Draw out the focus a little wider, and analyst Stan Shipley says his data show that payroll employment will post a decline of 275,000 jobs in June. That's terrible if you're one of the quarter-million who just lost their livelihoods, but the big picture shows a vast improvement from the 741,000 jobs lost in January. If this pace of improvement were to persist for an additional three months -- it probably won't, but just do the exercise with me -- payroll employment would post a small increase in September. If you don't believe that, consider that layoff announcements outside the auto industry have declined from 43,617 a week in the spring to 14,966 a week now.
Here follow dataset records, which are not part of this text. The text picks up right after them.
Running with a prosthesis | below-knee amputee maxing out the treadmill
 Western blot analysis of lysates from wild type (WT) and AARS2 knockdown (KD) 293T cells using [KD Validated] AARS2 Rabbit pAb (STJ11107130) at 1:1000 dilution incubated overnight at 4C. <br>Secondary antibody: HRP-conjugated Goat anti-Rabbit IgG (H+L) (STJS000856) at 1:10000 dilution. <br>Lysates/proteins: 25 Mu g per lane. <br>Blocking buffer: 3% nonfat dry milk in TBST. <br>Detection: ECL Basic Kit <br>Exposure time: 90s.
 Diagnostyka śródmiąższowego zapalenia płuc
ISI observes that the correlation between the pace of economic recovery and the pace of employment growth in the first year of a recovery is 97%, so a 3.5% rise in real gross domestic product would result in a 0.6% increase in employment, once you run it through all the formulas.

V for victory

I know that sounds insanely optimistic now, but the key here for thinking 2010 is not to get too focused on the average "jobless" recovery of the past two recessions because both of those setbacks were very mild. GDP growth picks up much faster off the worst recessions, which is that famous V shape that most people figure could never happen. Just to give you an idea from another country: Japan's machine tool orders, which basically means the expansion of factories, plummeted 85% last year, which is obviously hellacious, but it has shown a V-shaped recovery recently, with a 29.3% pop back in the last two months, according to ISI data.

How would a V-shaped recovery look here? Well, housing starts were up 17% month over month in May from a very low level, and lumber prices today are up 55% from their low.